Una mamandurria, no lo digo yo, lo dice el diccionario de la Real Academia es un “sueldo que se disfruta sin merecerlo; sinecura, ganga permanente”. Me parece que nuestra actual situación de bancarrota estatal práctica, exige tener en cuenta este tema.
Cualquier organización pública o privada soporta un peso inevitable de inútiles, de gentes agazapadas que “trincan su mamandurria”. Lo llamativo en nuestro país es el altísimo número de estos trincones que promocionan los partidos políticos… Lo peor no es que haya muchos que no hacen nada, sino lo inútiles que son muchos de los que deberían hacer algo. La nube de zánganos sobrepasa ya los puestos de adorno y se sitúan ya en posiciones de responsabilidad, lo que genera además una espiral de estulticia: porque no hay tontos que escojan listos. Prefieren otros que les aplaudan. Y así nos cunde el pelo.

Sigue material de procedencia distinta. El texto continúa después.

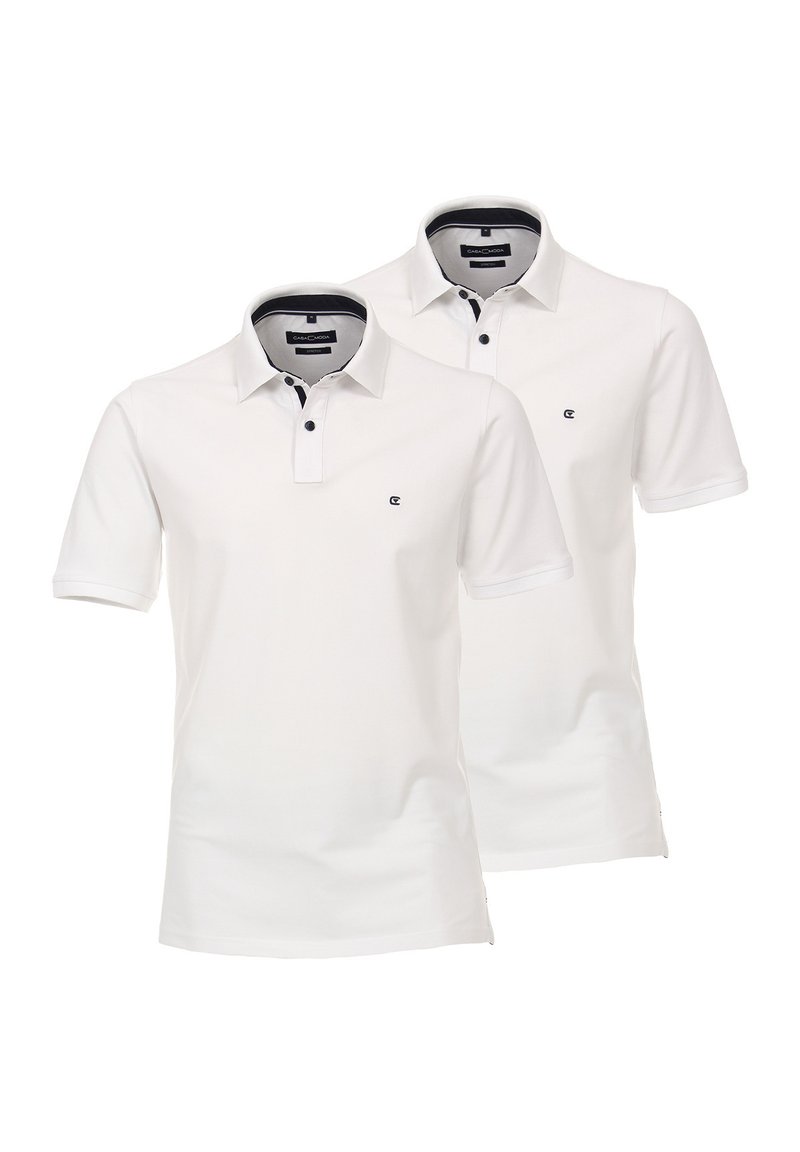 Due polo shirt bianchi realizzati in tessuto morbido. Presentano un colletto classico, maniche corte e un piccolo logo sul petto.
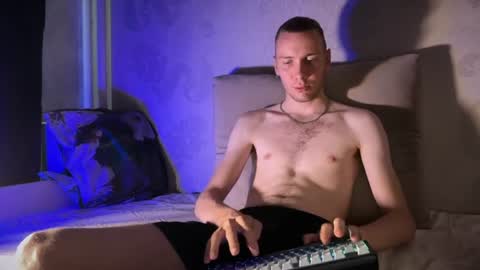 Snapshot of liam_shadow chatting on 06-29-26, 10:15 Liam Shadow online show from 06-29-26, 10:15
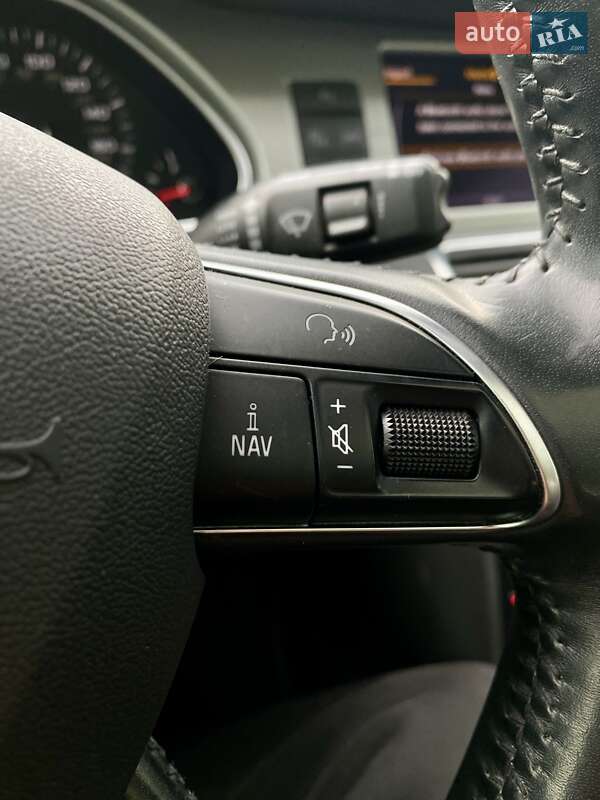 Внедорожник / Кроссовер Audi Q7 2015 в Ковеле фото 9 Внедорожник / Кроссовер Audi Q7 2015 в Ковеле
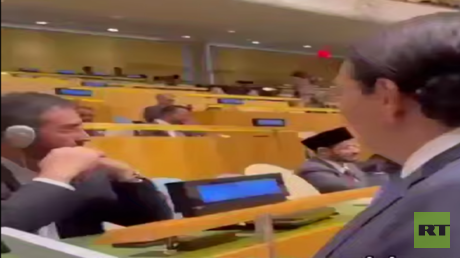 سفير إسرائيل يقترب من دبلوماسي إيراني ويستفزه بـ”جهاز” ويوجه له كلاما مباشرا عن تغيير النظام (فيديو)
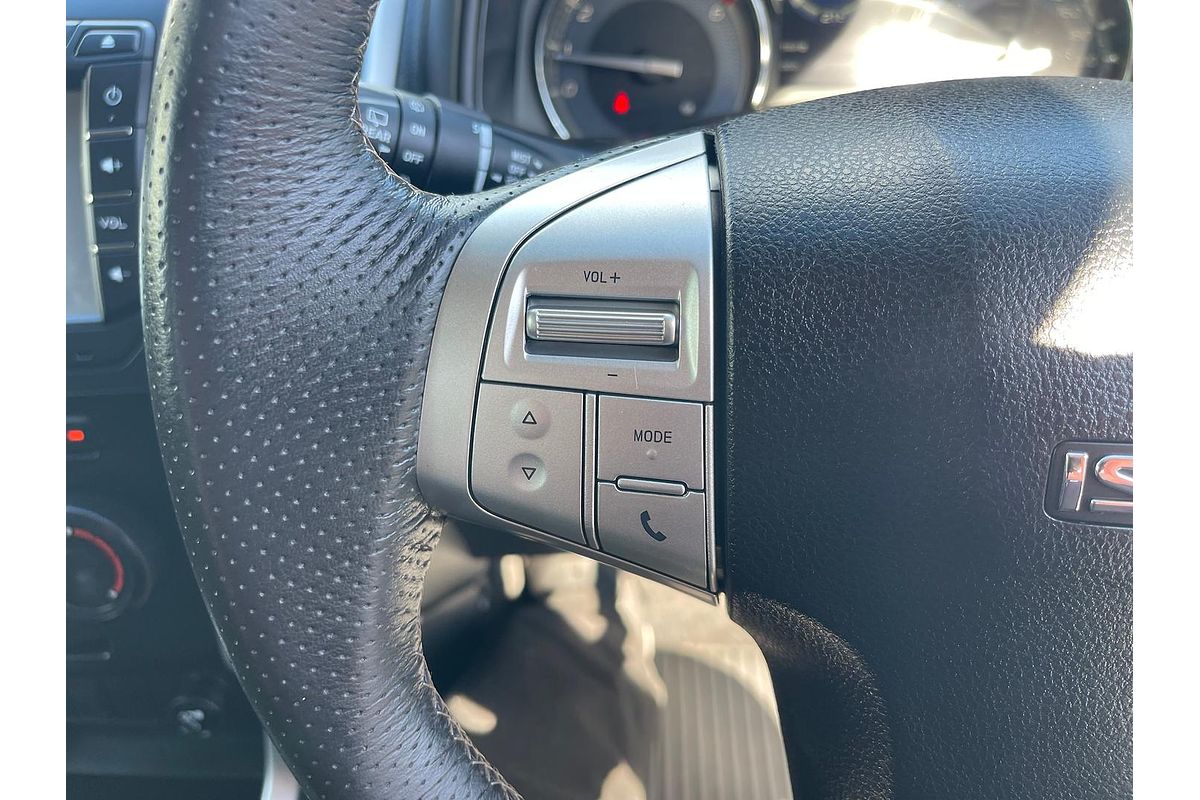 2020 Isuzu MU-X LS-M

No es fácil saber cuántos viven directamente de la política. Menos aún los que lo hacen de modo indirecto. Ahí entran altos cargos, cargos, carguetes y carguillos del estado español, de las autonomías regionales, de los ayuntamientos y de los entes intermedios como diputaciones, asociaciones de municipios y otras de alcaldes y no sé qué otras se nos ocurrirán. Luego están los poblados gabinetes de asesores de cada uno de estos (o de muchos al menos). A estos hay que sumar a los aupados a chiringos y chiringuitos, fundaciones subvencionadas por amigos, o bien ONG de las mismas características; también a la inmensa multitud de observatorios que ya no saben qué mirar, ni desde qué punto de vista.
Unos dicen que sólo cargos políticos son 160.000. Otros que quizá incluyan asesores elevan la cifra a 300.000. Google señalaba casi medio millón. Cualquiera de las tres es una enormidad. Son muchísimos. Algunos se ganarán muy honradamente el sueldo (que es siempre mayor que el oficial). Pero este personal se pasa el día en actos leyendo discursos que les han preparado otros, normalmente plagiados, o simplemente asistiendo a esas lecturas. Esa intensa vida social permite deducir cuántas horas dedican de verdad a su teórica profesión.
Lo que hemos de pensar los 45,6 millones de personas que vivimos en España según el reloj de la población, es cómo limpiar de inútiles esa fronda. Porque la presencia constante de políticos en pantallas de todo tipo durante estos tres últimos meses nos han dejado un retrato lamentable de nuestros políticos. Es muy difícil dilucidar quiénes lo han hecho peor, si el gobierno y sus amigos o las oposiciones. Todos han mostrado una cortedad insufrible. Y eso es un problema para todo el país.
Los partidos políticos tienen el deber de seleccionar a la gente más capaz para el ejercicio de la política en España. Para eso se les ha dado todo el poder necesario: son los partidos quienes conforman las listas, con las personas que ellos quieren, para los parlamentos del estado y de las autonomías y de los ayuntamientos. Los ciudadanos de a pie solo podemos votar por teóricas y difusas afinidades. Los que tienen más conciencia acaba escogiendo lo que les parece menos malo para el bien común y el propio. Los elegidos se sienten en deuda con su partido, no con sus electores.
Y a los electores nos resulta imposible pedir responsabilidades a los elegidos por sus actuaciones: cosa que sí hacen franceses, británicos y norteamericanos, por ejemplo. No podemos hacer nada ante su bazofia moral que les lleva a mentir descaradamente como bellacos sin el menor pudor; ni ante su desvergüenza intelectual, que se trasluce en intervenciones parlamentarias y en los medios de comunicación propias de una riña de bar; ni ante su lamentable nivel cultural, con afirmaciones propias de un concurso de misses de los años setenta.
No es verdad que los españoles nos merezcamos estos políticos. Los partidos tienen que cumplir sus obligaciones… o habrá que cambiar el sistema hacia listas abiertas o distritos reducidos para cada escaño. Lo que está claro es que este sistema no funciona y los partidos seleccionan muy mal a sus dirigentes en todos los niveles. Ese cambio sí que sería un buen punto para esa “nueva normalidad” de la que tanto se habla.